Friday, October 29, 2021

Horrorfest 2021: Slugs: The Movie

Slugs: The Movie (1988)
Written by Ron Gantman and Juan Piquer Simon
Based on the book by Shaun Hutson
Directed by Juan Piquer Simon
Starring Michael Garfield and Kim Terry
USA/Spain

Every year (except last year – pandemic!) the Hollywood Theater down the street holds an all-night horror movie marathon in honor of Halloween. I’ve attended twice, and I attended this year. It’s a fun event where you don’t know which four movies are going to be shown, and you get more and more delirious as your sleep deprived night goes on. Even if the movies are terrible, it’s still fun. This year, three out of the four movies were movies I had never seen before, so I was able to include them in Horrorfest. SLUGS: THE MOVIE is the first one.

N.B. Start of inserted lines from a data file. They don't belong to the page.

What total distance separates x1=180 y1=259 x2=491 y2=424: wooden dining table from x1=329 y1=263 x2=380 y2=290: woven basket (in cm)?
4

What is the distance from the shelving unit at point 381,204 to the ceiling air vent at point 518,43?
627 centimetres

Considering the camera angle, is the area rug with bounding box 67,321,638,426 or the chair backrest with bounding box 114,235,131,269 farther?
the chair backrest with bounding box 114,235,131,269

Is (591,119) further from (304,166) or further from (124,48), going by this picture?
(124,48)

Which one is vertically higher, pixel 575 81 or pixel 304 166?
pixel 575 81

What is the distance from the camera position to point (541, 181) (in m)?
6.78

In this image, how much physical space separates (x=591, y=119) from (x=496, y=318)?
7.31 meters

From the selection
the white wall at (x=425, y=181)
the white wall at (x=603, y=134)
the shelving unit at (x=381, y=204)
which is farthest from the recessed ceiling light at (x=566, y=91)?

Positioned as a JAWS clone, only with slugs instead of sharks, SLUGS unfolds how you might expect – people are dying, no one knows why, the health inspector figures it’s slugs, the authorities thing he’s crazy, he puts together a team to hunt down and destroy the slugs once and for all, credits.

So, the movie is objectively not good, however it is never dull and has a lot of gross out moments as well as unintentionally funny moments. Also, for the most part, the special effects are pretty great.

It’s one of those movies that you begin to expect might have been made by aliens – there’s lots of scenes of humans in seemingly normal social situations, but the way the dialogue goes and the scenes develop, it plays as if it’s someone’s approximation of what they think humans might do, as opposed to something a human who has been around other humans might write and direct.

My favorite part was the overly enthusiastic score. It’s actually a pretty good score, by the standards of the time, especially for a B-movie. But it’s employed in such an odd way. Most of the suspenseful and action packed music cues end up getting used in the endless filler footage of cars either arriving places and parking, or departing places. The juxtaposition of an orchestra going full throttle while someone carefully parks their car is comedy gold.